Entertaining Notions of Elite Ideals for Women, 300 A.D.

October 21, 2015 (Wednesday) / 5:30 pm6:30 pm

Kislak Center, Penn Library, 3420 Walnut Street

Entertaining Notions of Elite Ideals for Women, 300 A.D.

Angela Lorenz

Visual Artist

Gender inequality is addressed through the lens of art history as Angela Lorenz talks about her exhibition “Victorious Secret,” on display this fall in a new wing of Penn’s historic Franklin Field.

Created from buttons and hairpins, her life-sized mosaic panels of competitive women athletes from ancient Rome are based on originals in Piazza Armerina, Sicily, a UNESCO World Heritage Site. In modern times these original mosaics were thought to be “dancing bikini girls.”

The exhibition is a tribute to archaeologist Isabella Baldini Lipolis and a celebration of the 40th anniversary of Title IX.


Angela Lorenz is a visual artist and an author based in Bologna, Italy and New England. Lorenz is known for her use of unusual materials in her art work, including soap, ice, rubber, coffee, spaghetti and herbs, as well as for her interest in printmaking and artist’s books.

She has studied at the Rhode Island School of Design, and the University of Bologna, where she apprenticed under the book binder Paolo Bugetti.

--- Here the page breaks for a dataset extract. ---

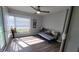 Sunroom features large windows, a ceiling fan, and light-colored walls and floors at 4470 Mainlands W Blvd, Pinellas Park, FL 33782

She holds a BA in Fine Arts and Semiotics from Brown University.

Lorenz has exhibited her work in locations all over the United States and Italy, as well as in Canada and Germany, including the New York Public Library, The National Museum of Women in the Arts, the Los Angeles Municipal Art Gallery, and the School of the Museum of Fine Arts Boston Library.

Lorenz’s artists books can be found in special collections and rare books libraries around the world. Some of Lorenz’s artist books, as well as a catalog of an exhibition of her artists books, are housed at Penn’s Kislak Centre for Special Collections, Rare Books and Manuscripts.